I would just get the 35mm or consider the 28mm.  I wouldn't go to a zoom unless you are going to get a fast zoom since most of your shots are indoors.


----------



## NoahMommy (Jan 17, 2014)

badrano said:


> It's not an issue with the camera, you just need a lens to give more focal length flexibility.
> 
> You could go with the 35mm prime lens, but I would go with a good zoom lens like like the 18-135mm f/3.5-5.6 (as an example) to have more flexibility. I have a Nikon with the 18-105mm kit lens and I'm happy with the picture quality.





Scuba said:


> I would just get the 35mm or consider the 28mm. I wouldn't go to a zoom unless you are going to get a fast zoom since most of your shots are indoors.

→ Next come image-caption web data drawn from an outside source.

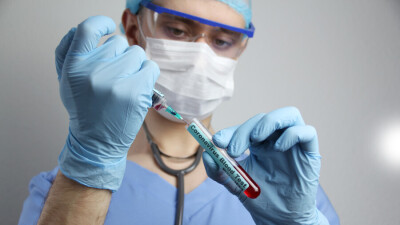 У трёх пассажиров, прибывших в Казахстан международными авиарейсами, выявили Covid-19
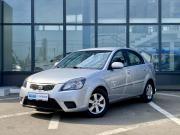 Kia Rio II Рестайлинг Москва  - изображение 22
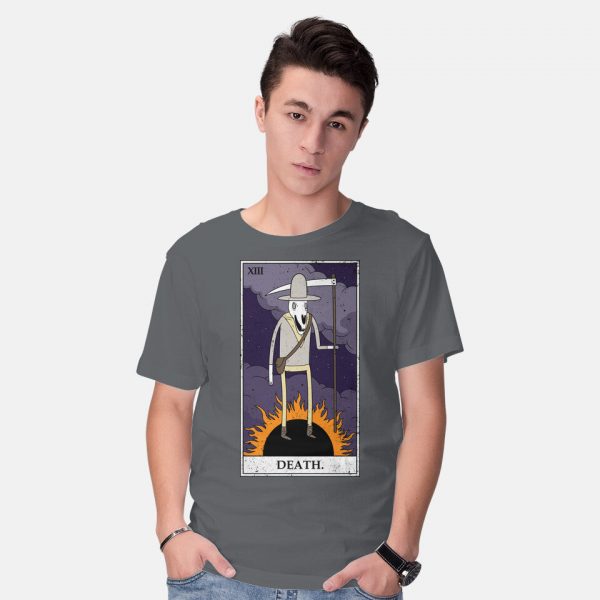 Death Tarot - Image 2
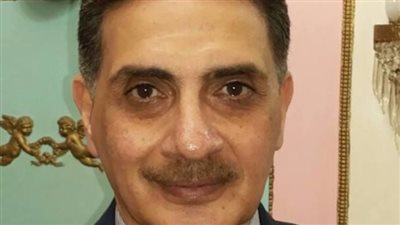 بعد ظهوره بـ شخصية اللواء ممدوح شاهين في الاختيار 3 الحلقة 6.. من هو الفنان طارق سليمان؟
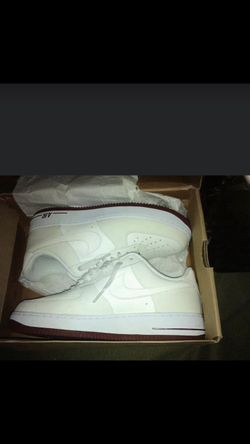 Nike Air Force One Sz 9
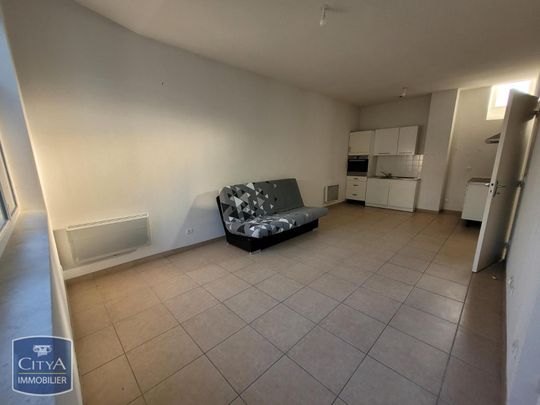 Location Appartement 2 pièces 46m² BLOIS 41000 - Photo 1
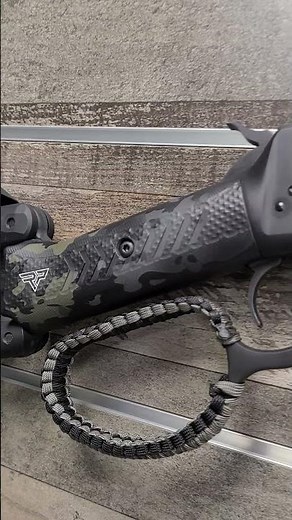 Armed Concepts Rossi 92 | Ranger Point Precision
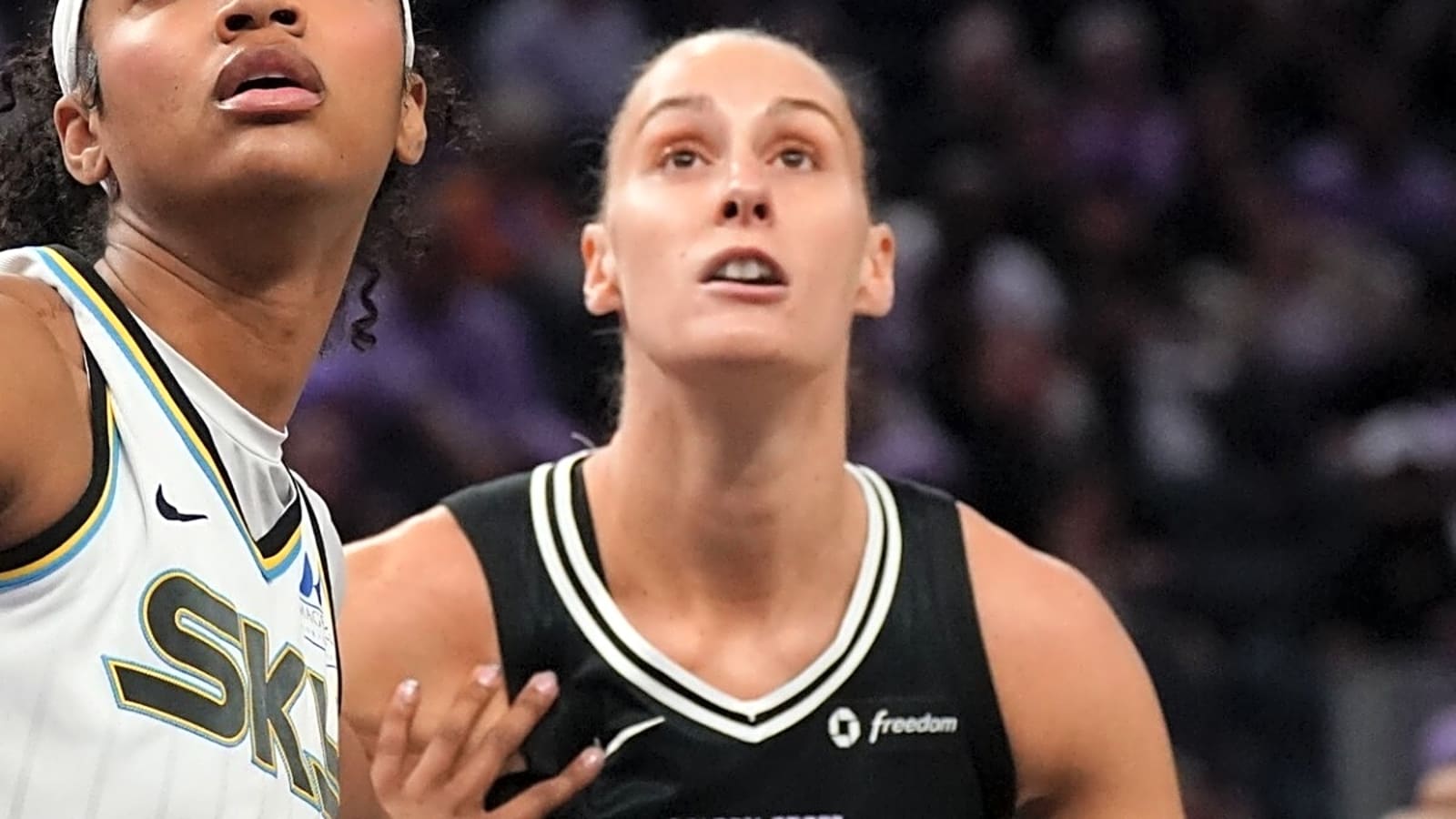 WNBA Veteran Released After 16 Games Signs With New Team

Thanks for the replies.  I failed to mention I did buy the camera with the kit lens.  I wasn't happy with the sharpness of the kit lens and also it is quite bulky.  I am leaning towards getting the 35mm f/2.  Do you think distortion will be a problem for close up shots though?


----------



## vimwiz (Jan 17, 2014)

Its the lens. Ive got an 18-55 and use the  24-35 range for close ups and general shooting.


----------



## MK11_user (Jan 17, 2014)

Distortion will be a problem on any wide angle lens used close up for indoor shots of the kids why not get yourself a good compact (Compact Digital Camera)? 
Most come with a reasonable zoom lens and hot-shoe for flash, built in flash are generally a little too harsh. 
I have a Canon G12 which I find very useful for confined space photography.
Have a look at this link re: Compact Digital Cameras. Top 10 Best Serious Compact Digital Cameras 2013
I will only use my DSLR's (EOS 5D mk2 or 7D) if there is loads of room.
Hope this helps.


----------



## Scuba (Jan 18, 2014)

Distortion won't be an issue as the OP wants a lens to get two kids in the image. Also on a crop body the edge distortion will be eliminated. I think the 35 would be fine.


----------